Teilnehmer Michel steht vor dem blauen Quäse Stand an der Wegstrecke

Quäse: Wie hast Du Dich kurz vor der ersten Pausenstation gefühlt?

Michel: Die Höhenunterschiede auf den ersten Streckenabschnitten sind doch recht fordernd. Der Puls ging stark nach oben … Der Wechsel zwischen bergauf und bergab war aber gut. So kam ich wieder in den Rhythmus.

Quäse: Wie sieht es mit Deiner Motivation aus?

Michel: Nach 20 km Wandern schwindet sie ein wenig. Mir fällt auf, dass ich zu viel in den Rucksack gepackt habe ¬– die Beine werden von Kilometer zu Kilometer schwerer. Aber mit jeder Kilometermarkierung kommt ein Anflug von guter Laune. Zu sehen, dass ich mich dem Ziel nähere, fühlt sich gut an. Es gilt das Motto: Jeder Schritt bringt mich dem Ziel näher.

Quäse: Worauf freust Du Dich nach dem Megamarsch am meisten?

Michel: Auf eine warme Wanne und einen Sonntag auf der Couch!

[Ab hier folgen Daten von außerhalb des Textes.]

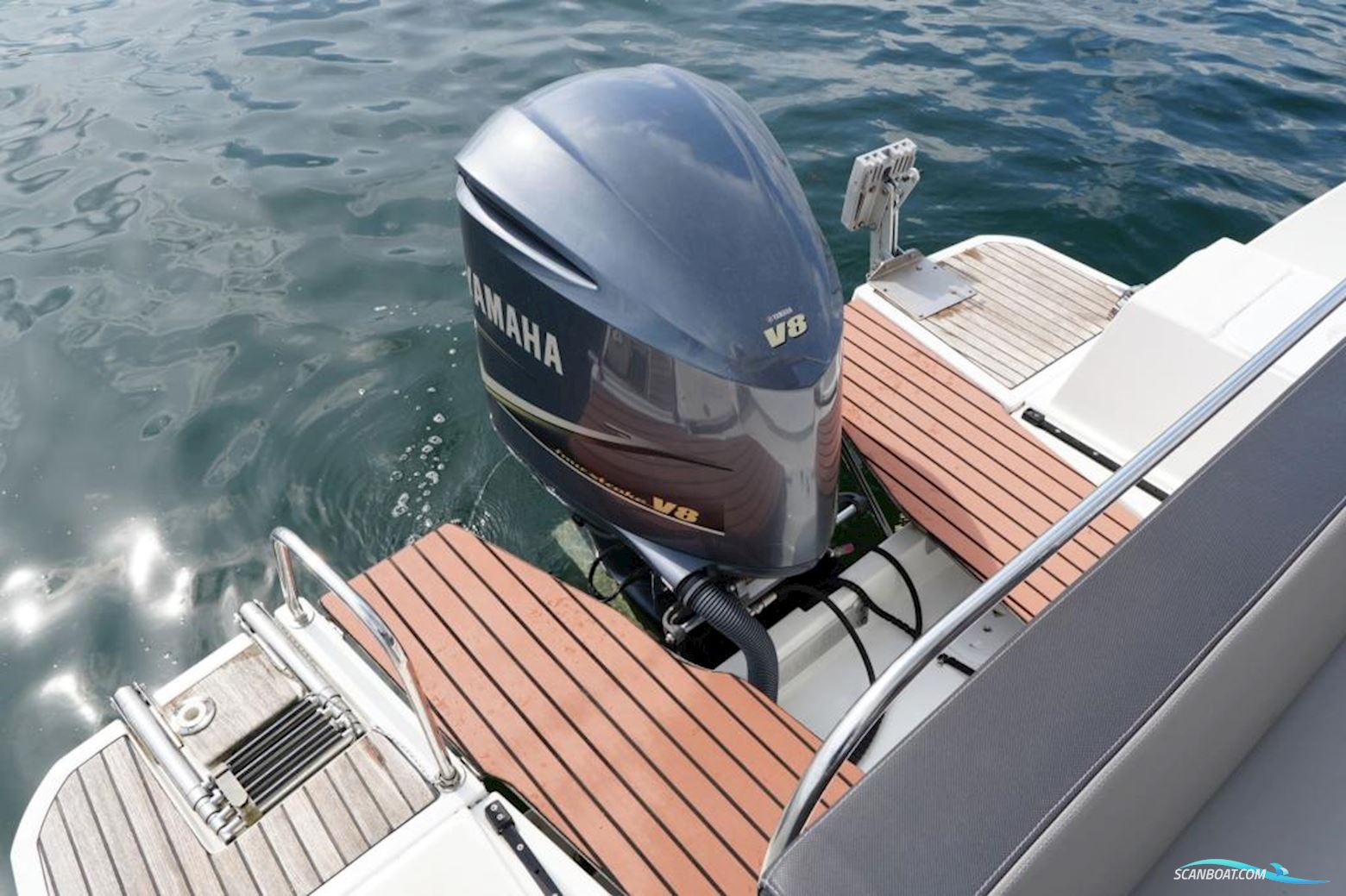 Jeanneau Merry Fisher 895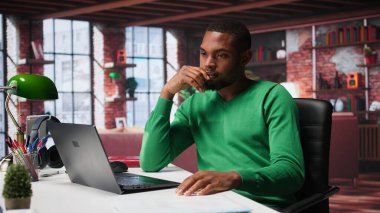 Telgraf çalışanı sırt duruşunu düzeltiyor ve masadaki kaslara kramp giriyor. Yorgun ve sırt ağrısından rahatsız. Freelancer ofis sendromu, rahatsızlık yaşıyor. Kamera B.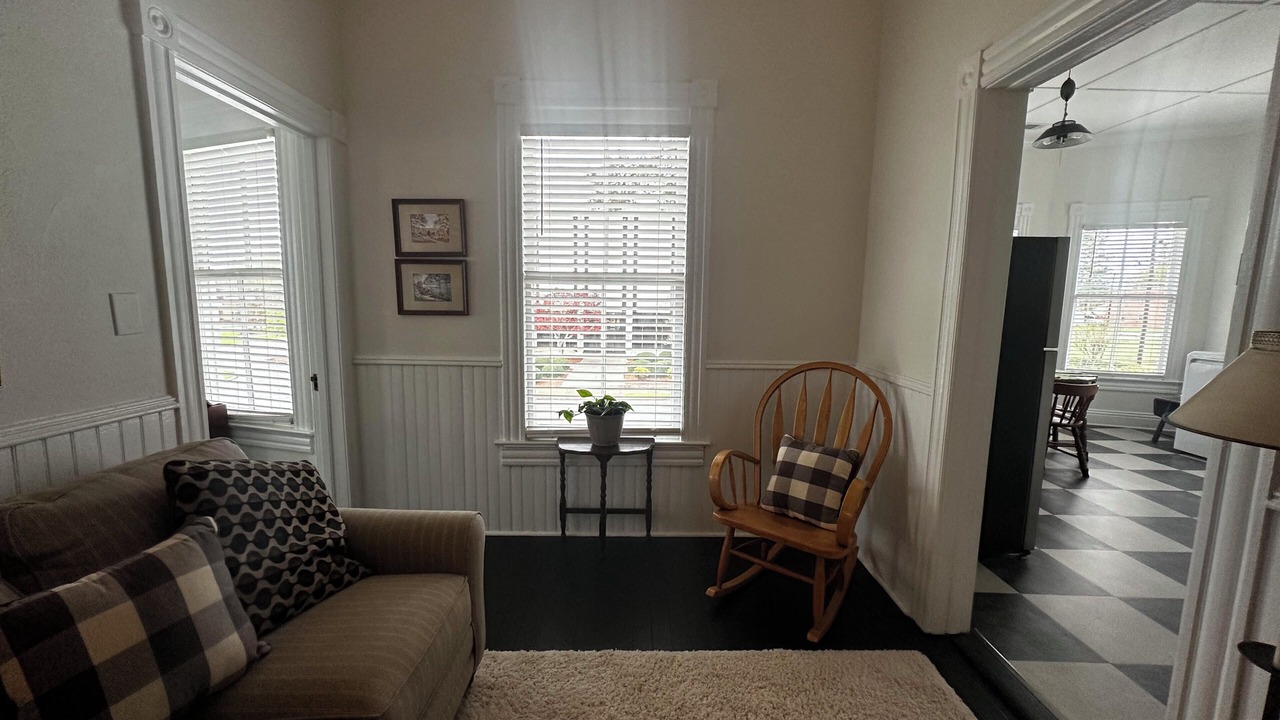 Photo of Livingroom in Whiteville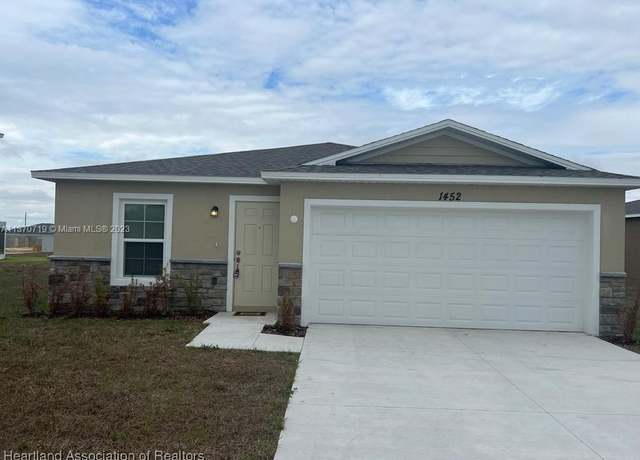 Property at 1452 Stone Cir, Sebring, FL 33870, 4 beds, 2 baths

Ein weißes Schild am Wegesrand des Megamarsches. in schwarzer Schrift steht dort: 45 Kilometer. Ab einem gewissen Punkt wird es nicht mehr schlimmer.

Wie fühlt es sich an, 50 km zu Wandern?

An der Schlusslinie treffen wir Michel noch einmal. Er sieht überglücklich aus, die extrem fordernde Strecke trotz schwieriger Wetterbedingungen hinter sich gelassen zu haben – und das in sagenhaften 10 Stunden! Nach einem alkoholfreien Bier und einem proteinhaltigen Snack gratulieren wir ihm zu seiner Medaille.

Quäse: Michel, wie hast Du den Megamarsch erlebt?

Michel: Als tolles Event! Alles war gut organisiert und die Strecke war sehr gut ausgeschildert. Alle Teilnehmer waren ausnahmslos nett und freundlich und es hat Spaß gemacht, Teil von etwas so Großem gewesen zu sein.

Quäse: Was war die größte Überraschung für Dich?

Michel: Ich war wirklich überrascht, wie viele ältere Menschen richtig fit waren und ein hohes Tempo laufen konnten. Meinen größten Respekt dafür! Ich hätte nie gedacht, dass ich die Strecke in einer so guten Zeit schaffen würde. Knapp unter zehn Stunden ist eine für mich großartige Leistung!

Quäse: Wie fühlt es sich an, Deine Grenzen ausgetestet zu haben?

Michel: Na, ja. Wenn man gerade dabei ist, fühlt es sich nicht so schön an. Man fragt sich immer: „Wieso tue ich mir das überhaupt an?“. Ist man aber am Ziel, fühlt es sich total erfüllend und gut an. Mein Kopf hat eindeutig über meine Beine gesiegt, sonst wären die letzten 10 km nicht möglich gewesen. Morgen erwartet mich sicher ein Muskelkater vom anderen Stern!

Quäse: Was würdest Du zukünftigen Teilnehmern raten?

Michel: Vorbereitung! Die sollte man auf jeden Fall betreiben. Die Challenge in einer Gruppe zu bewältigen ist auf jeden Fall viel angenehmer als allein. Außerdem ist eine gute Ausrüstung wirklich wichtig.

Quäse: Bist Du nächstes Jahr wieder beim Megamarsch dabei?

Michel: Ich bin mir noch nicht ganz so sicher. Aber doch, ich denke schon ¬– ja!